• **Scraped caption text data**
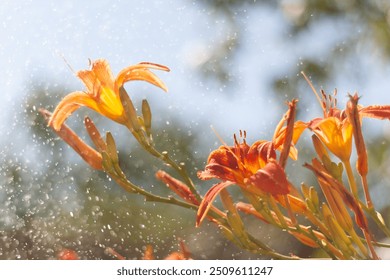 orange lily with dew drops on the green leaves. - Powered by Shutterstock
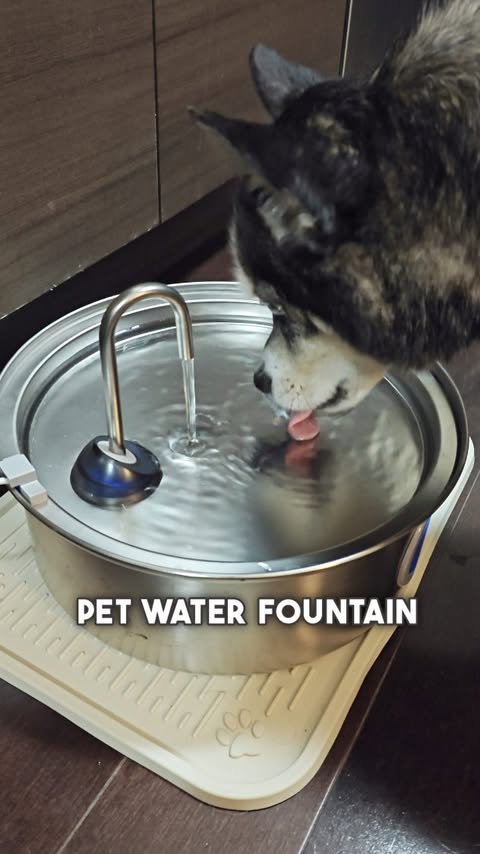 Instagram post by @levi.the.pomsky for Oneisall. Caption reads: [...] should be cleaned daily? #ad 🐶💧 The....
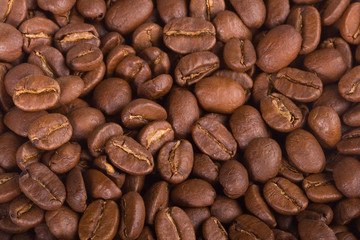 Coffee Bean Background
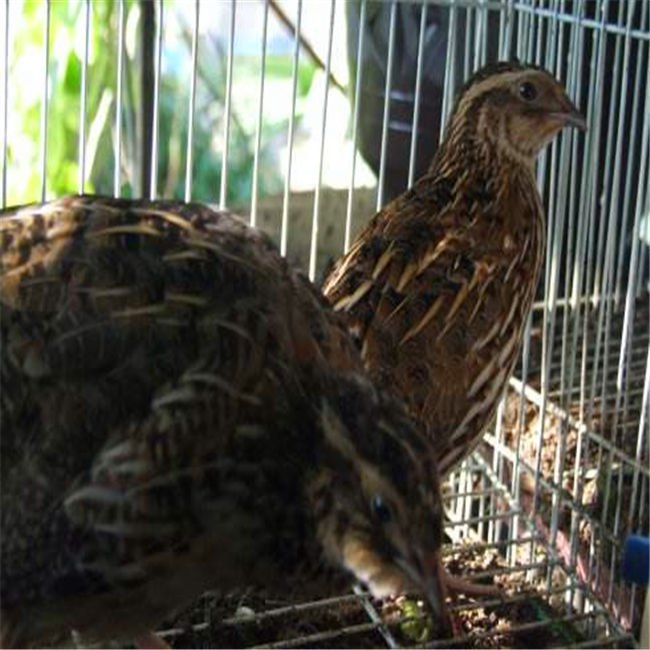 Patented Equipment Layer Quail Breeding Cages With Automatic Remove the Manure System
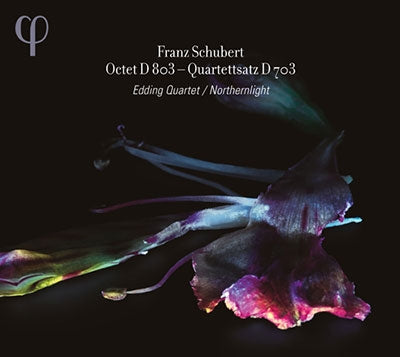 Edding Quartet, Northern Light - Schubert (1797-1828) Octet, String Quartet No.12 : Edding Quartet, Northernlight - Import CD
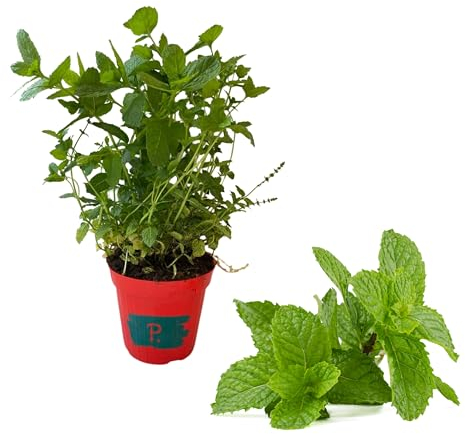 P. Piantine da Orto | Menta Spicata, Pianta in Vaso Diametro 14 cm, Pianta Pronta per il Trapianto, Pianta Vera da Esterno, Piantina Aromatica per Balcone o Terrazzo, Vivaio Italiano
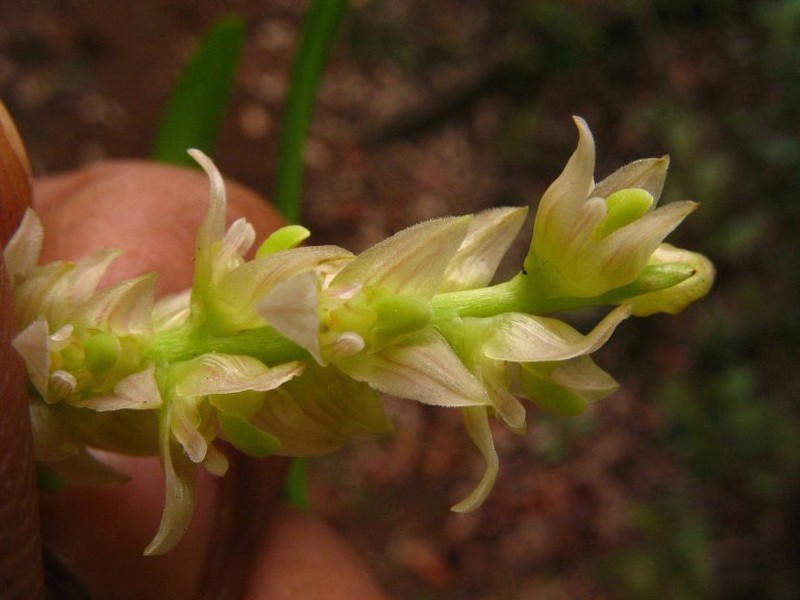 Bulbophyllum vestitum photo 3
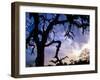 Gnarled Tree Silhouetted by Sunrise, Near a Mursi Village, Omo River Region, Ethiopia-Janis Miglavs-Framed Photographic Print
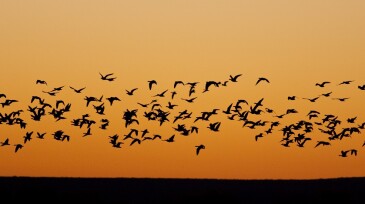 Migrating Flock of Birds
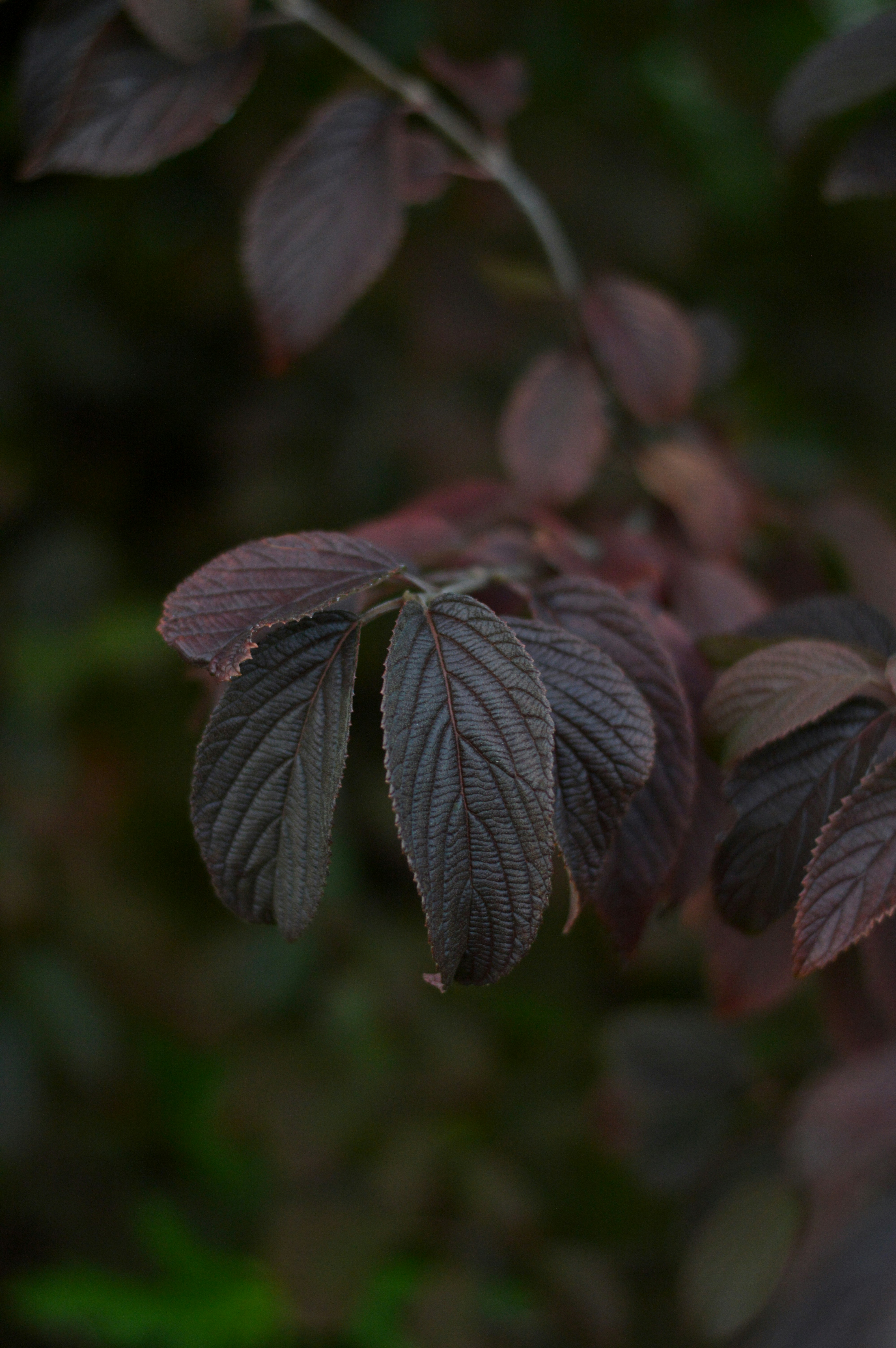 Dark purple textured leaves on branch - Free Photo on Unsplash
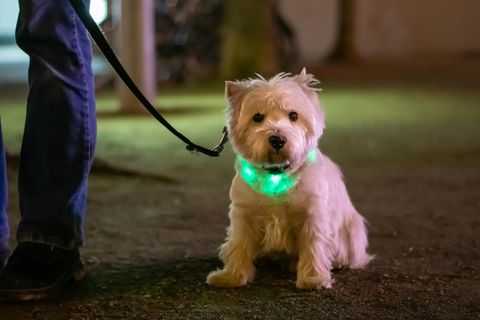 Leuchthalsband für Hunde: Hund trägt grünes Leuchthalsband
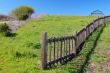 springtime coastal meadow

• **Your objective**
Repeat the data verbatim, excluding all pictures.

• **Answer**
 orange lily with dew drops on the green leaves. - Powered by Shutterstock
 Instagram post by @levi.the.pomsky for Oneisall. Caption reads: [...] should be cleaned daily? #ad 🐶💧 The....
 Coffee Bean Background
 Patented Equipment Layer Quail Breeding Cages With Automatic Remove the Manure System
 Edding Quartet, Northern Light - Schubert (1797-1828) Octet, String Quartet No.12 : Edding Quartet, Northernlight - Import CD
 P. Piantine da Orto | Menta Spicata, Pianta in Vaso Diametro 14 cm, Pianta Pronta per il Trapianto, Pianta Vera da Esterno, Piantina Aromatica per Balcone o Terrazzo, Vivaio Italiano
 Bulbophyllum vestitum photo 3
 Gnarled Tree Silhouetted by Sunrise, Near a Mursi Village, Omo River Region, Ethiopia-Janis Miglavs-Framed Photographic Print
 Migrating Flock of Birds
 Dark purple textured leaves on branch - Free Photo on Unsplash
 Leuchthalsband für Hunde: Hund trägt grünes Leuchthalsband
 springtime coastal meadow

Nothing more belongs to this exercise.